◆ **Pictures with short captions**:

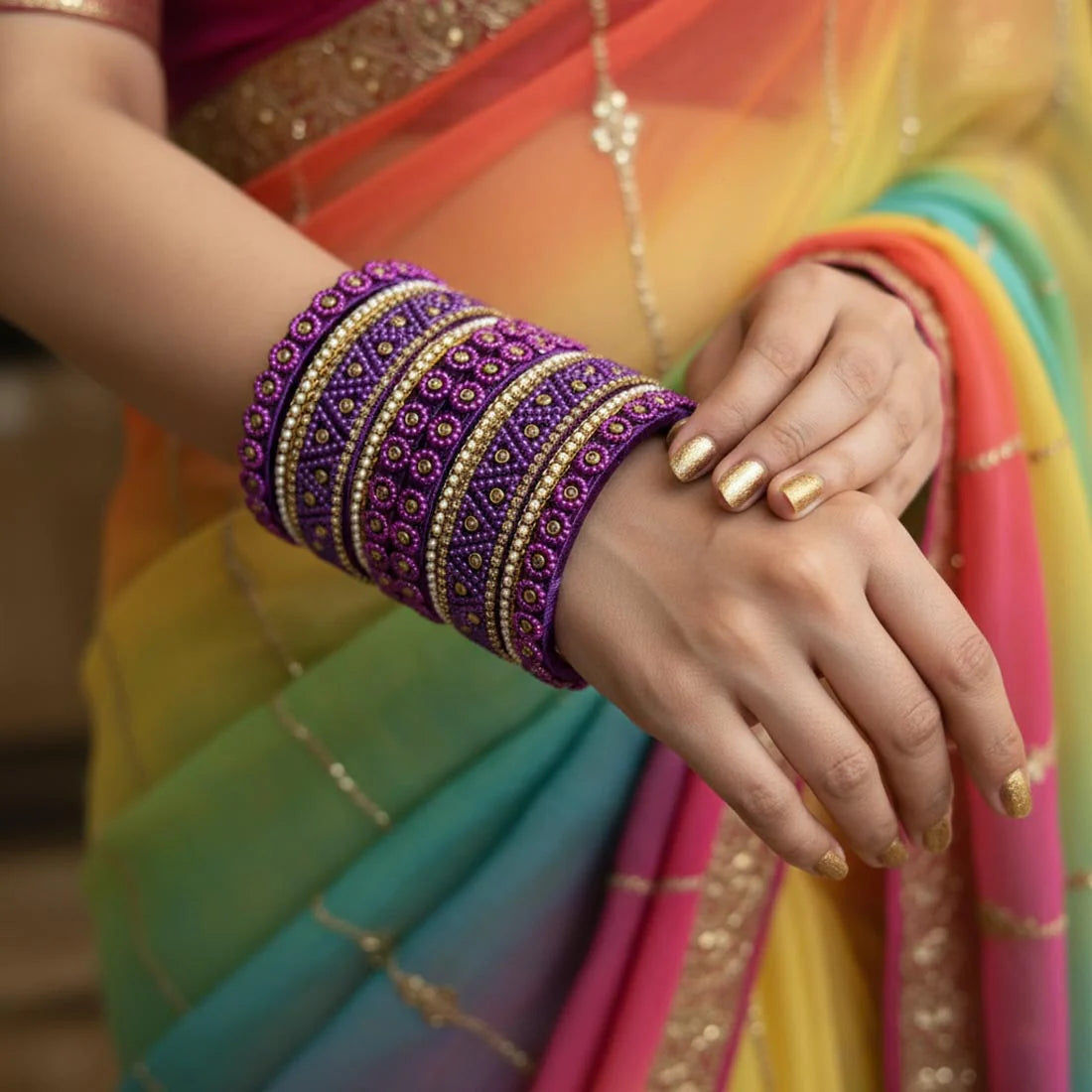 Purple Color 1 Set Of Thread Bangle Crafted For Elegant Ethnic Occasion Styling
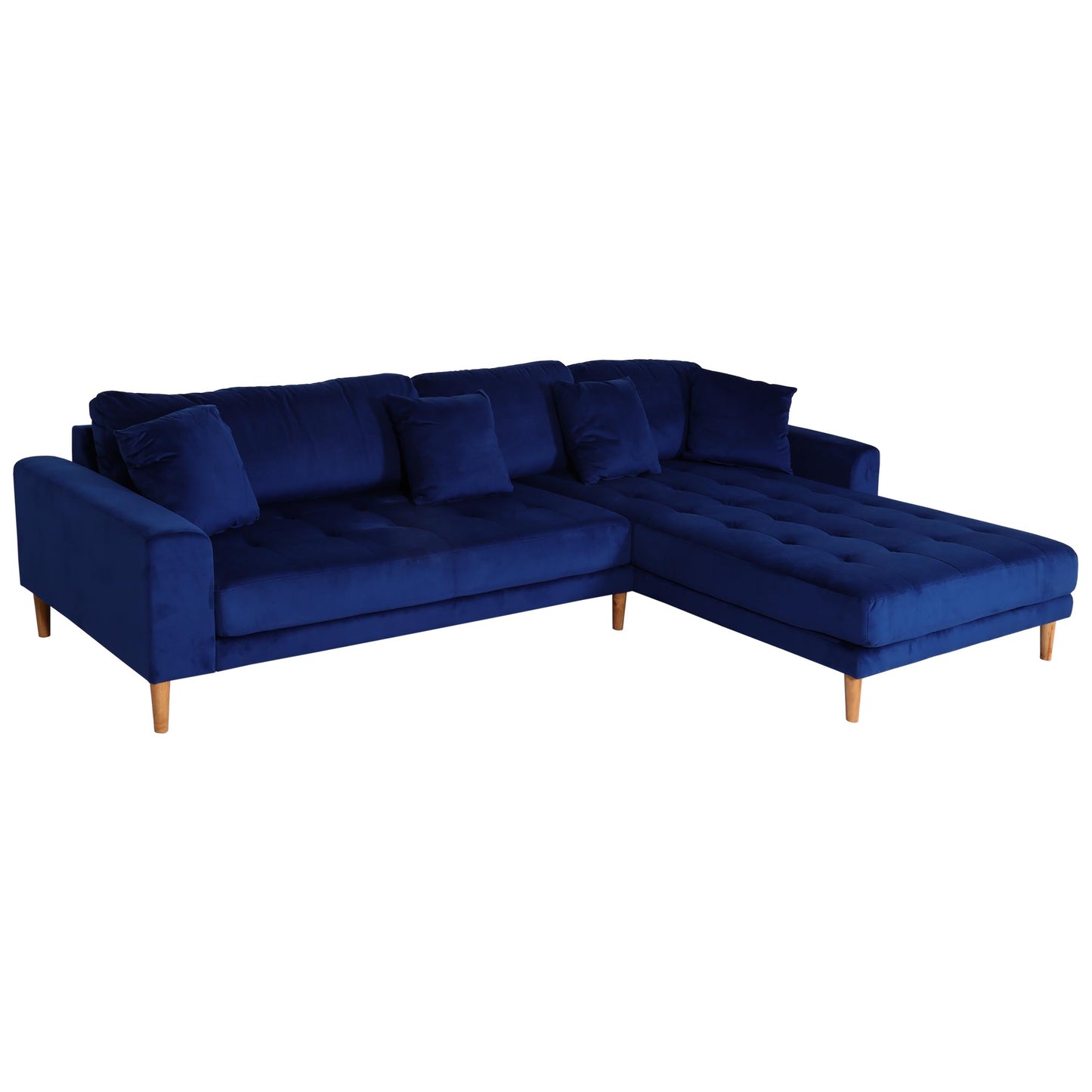 Cosmo Casa - Hoekbank - 3-zits - Fluweel - Blauw - 295 cm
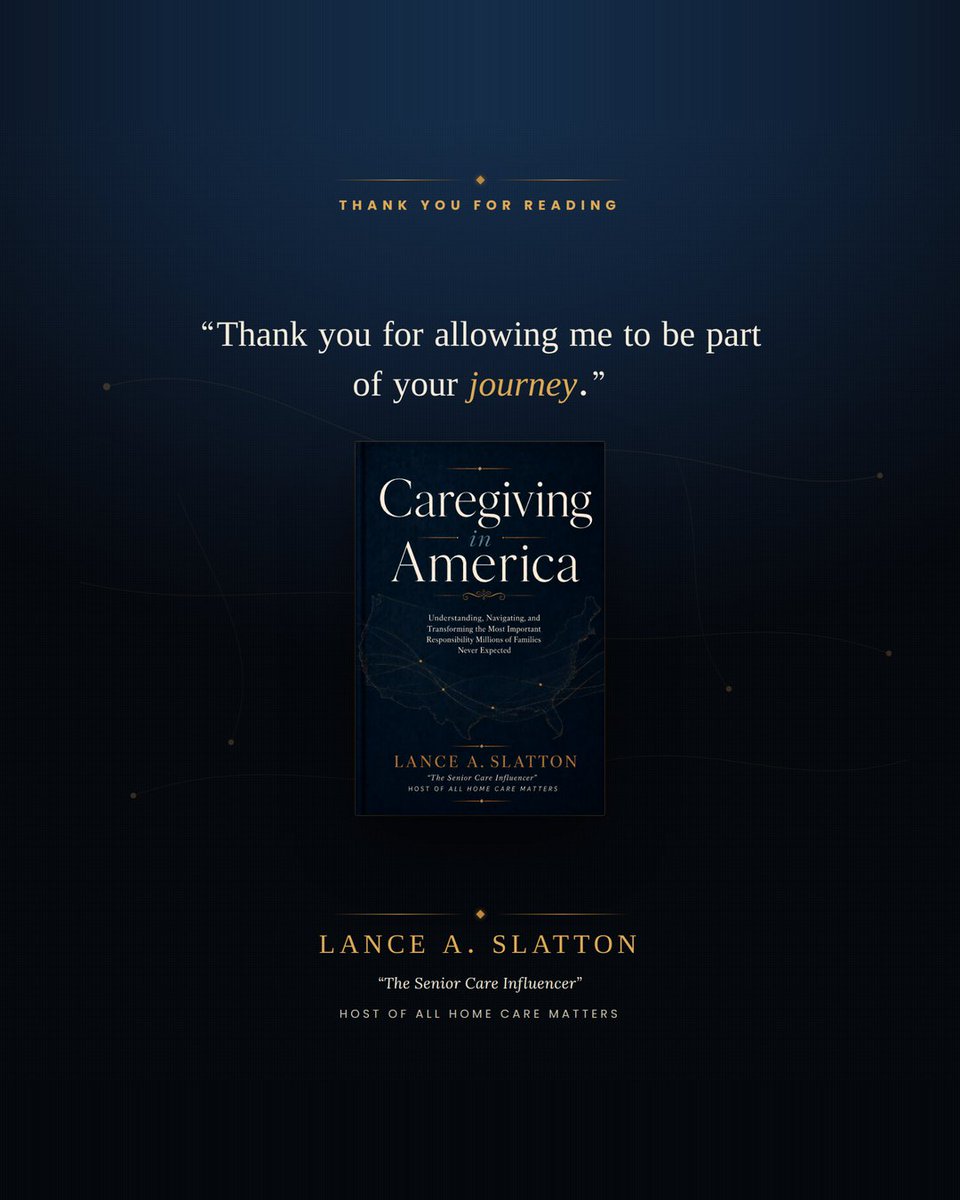 allhcms's tweet photo. 💙📚 “Thank you for allowing me to be part of your journey.”

For Lance A. Slatton (@lanceaslatton), Caregiving in America represents more than a book. It represents a lifelong commitment to helping families navigate aging, Alzheimer's disease, dementia, and the challenges of caregiving.

🇺🇸 Drawing upon his personal caregiving journey and years of professional experience in senior care, Lance created this comprehensive 766-page resource to educate, empower, and support family caregivers across America.

❤️ Every caregiver has a story. Every family deserves support. And every caregiving journey matters.

🌐 Discover the official book website:

https://t.co/y7McaRy4dA

#caregiving #familycaregiver #caregiversupport #seniorcare #aginginplace #dementiacare #longtermcare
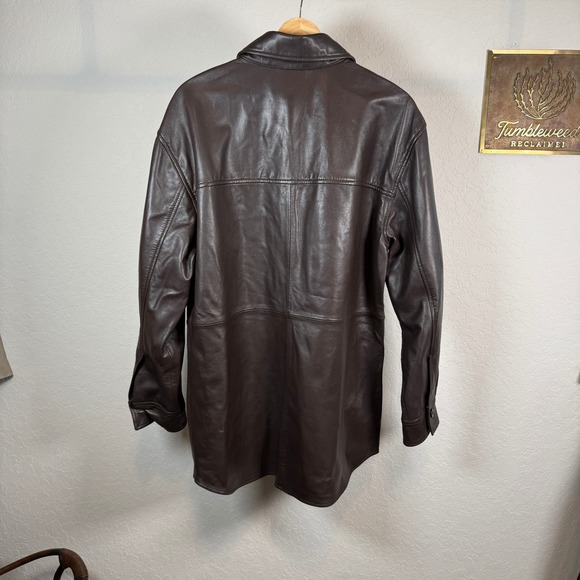 Quince Brown Leather Button Up Shirt Jacket Women's Large Oversized - Picture 9 of 9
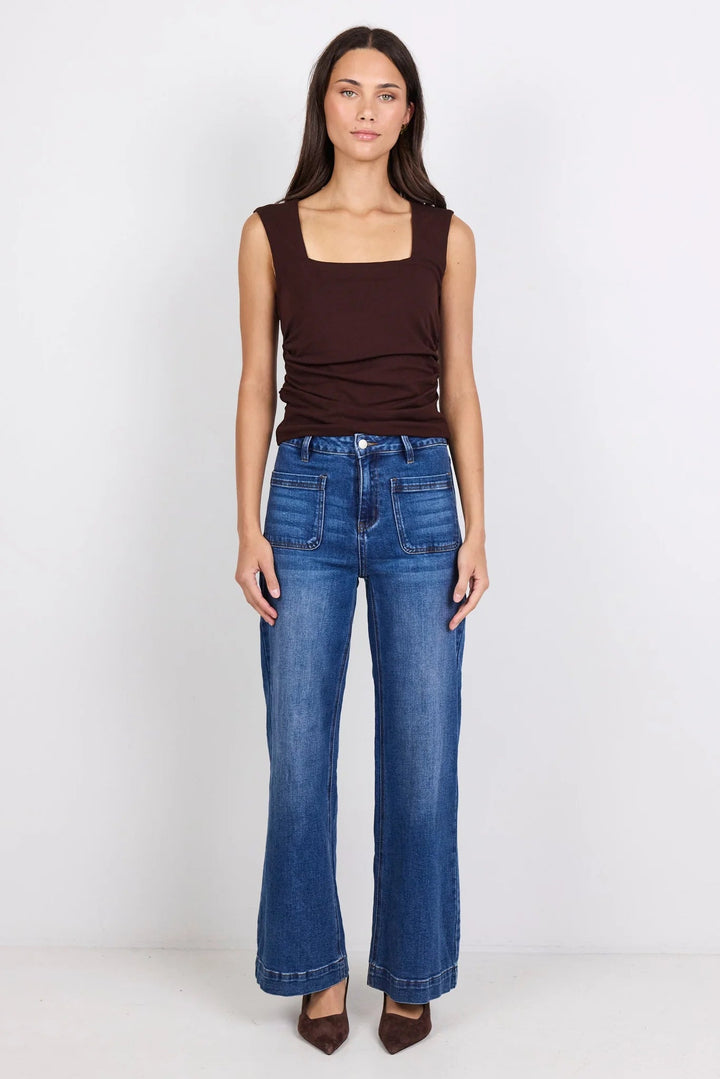 Zoey Marine Blue High Rise Wide Leg Pocket Jean - Chillis & More NZ
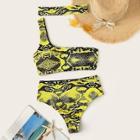 Romwe Random Snake Print One Shoulder Bikini Set With Choker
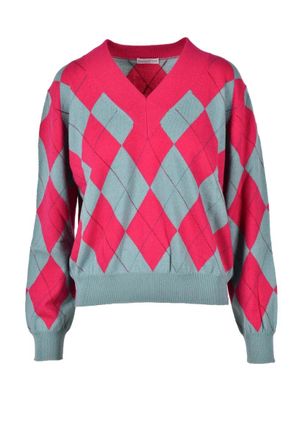 Ballantyne Argyle Pattern Cashmere Pullover Sweater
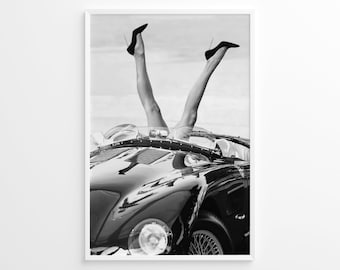 High Heels in Car, Woman Photography, Vintage Print, Photography Print, Black White Photo Print, Lifestyle Print, Museum Quality Photo Print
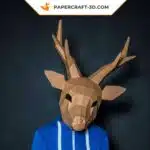 Papercraft masque de cerf origami papier 3D, vue 2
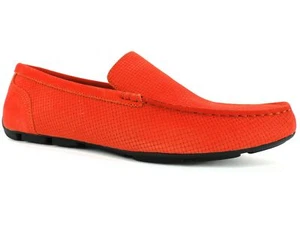 Alfani Men's Kendric Textured Drivers Orange Suede Size 9.5 M - Picture 1 of 6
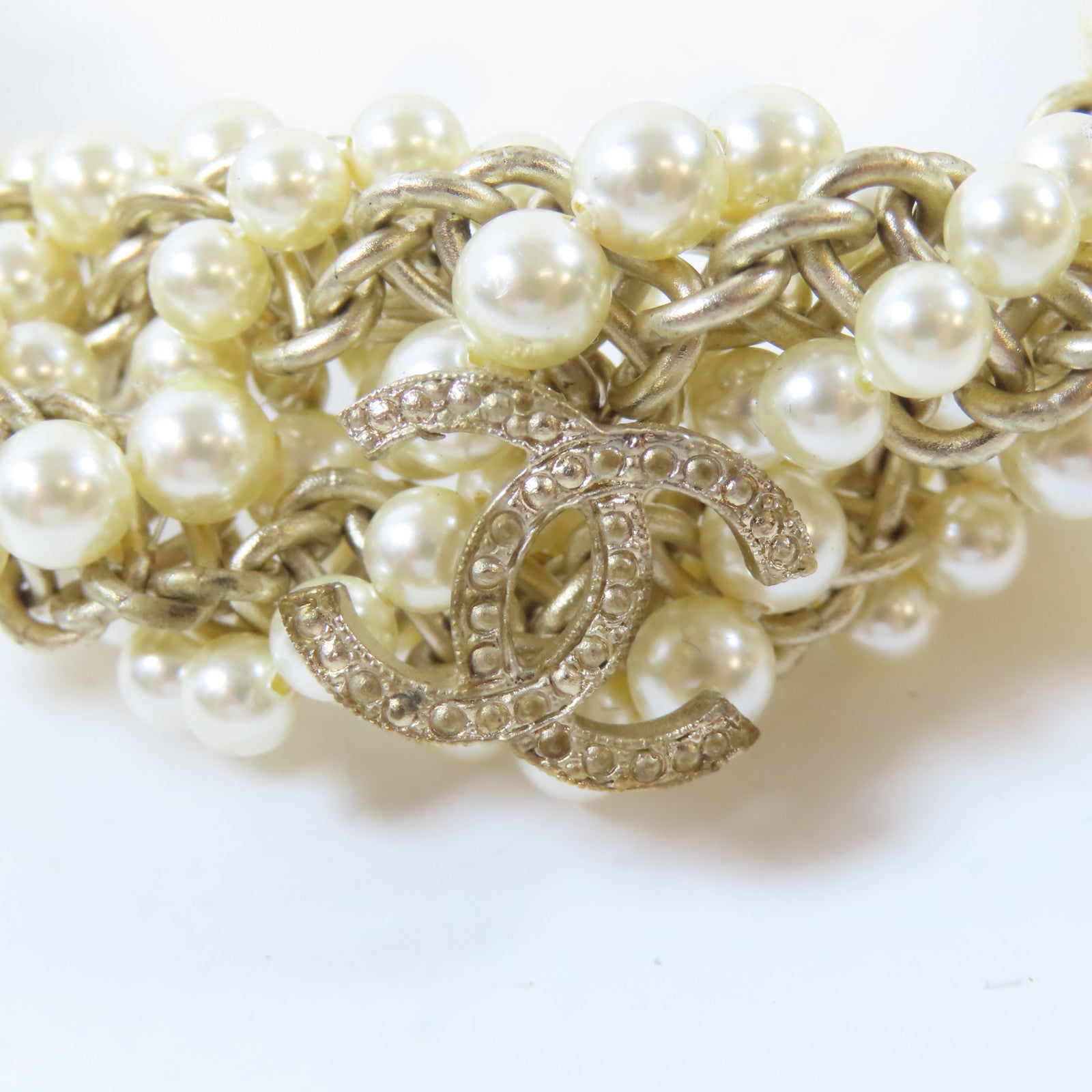 CHANEL PVC/金屬Twist Pearl Choker項鍊白色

◆ **Exercise description**:
The data is to be printed again exactly, but without its pictures.

◆ **Solved exercise**:
 Purple Color 1 Set Of Thread Bangle Crafted For Elegant Ethnic Occasion Styling
 Cosmo Casa - Hoekbank - 3-zits - Fluweel - Blauw - 295 cm
 allhcms's tweet photo. 💙📚 “Thank you for allowing me to be part of your journey.”

For Lance A. Slatton (@lanceaslatton), Caregiving in America represents more than a book. It represents a lifelong commitment to helping families navigate aging, Alzheimer's disease, dementia, and the challenges of caregiving.

🇺🇸 Drawing upon his personal caregiving journey and years of professional experience in senior care, Lance created this comprehensive 766-page resource to educate, empower, and support family caregivers across America.

❤️ Every caregiver has a story. Every family deserves support. And every caregiving journey matters.

🌐 Discover the official book website:

https://t.co/y7McaRy4dA

#caregiving #familycaregiver #caregiversupport #seniorcare #aginginplace #dementiacare #longtermcare
 Quince Brown Leather Button Up Shirt Jacket Women's Large Oversized - Picture 9 of 9
 Zoey Marine Blue High Rise Wide Leg Pocket Jean - Chillis & More NZ
 Romwe Random Snake Print One Shoulder Bikini Set With Choker
 Ballantyne Argyle Pattern Cashmere Pullover Sweater
 High Heels in Car, Woman Photography, Vintage Print, Photography Print, Black White Photo Print, Lifestyle Print, Museum Quality Photo Print
 Papercraft masque de cerf origami papier 3D, vue 2
 Alfani Men's Kendric Textured Drivers Orange Suede Size 9.5 M - Picture 1 of 6
 CHANEL PVC/金屬Twist Pearl Choker項鍊白色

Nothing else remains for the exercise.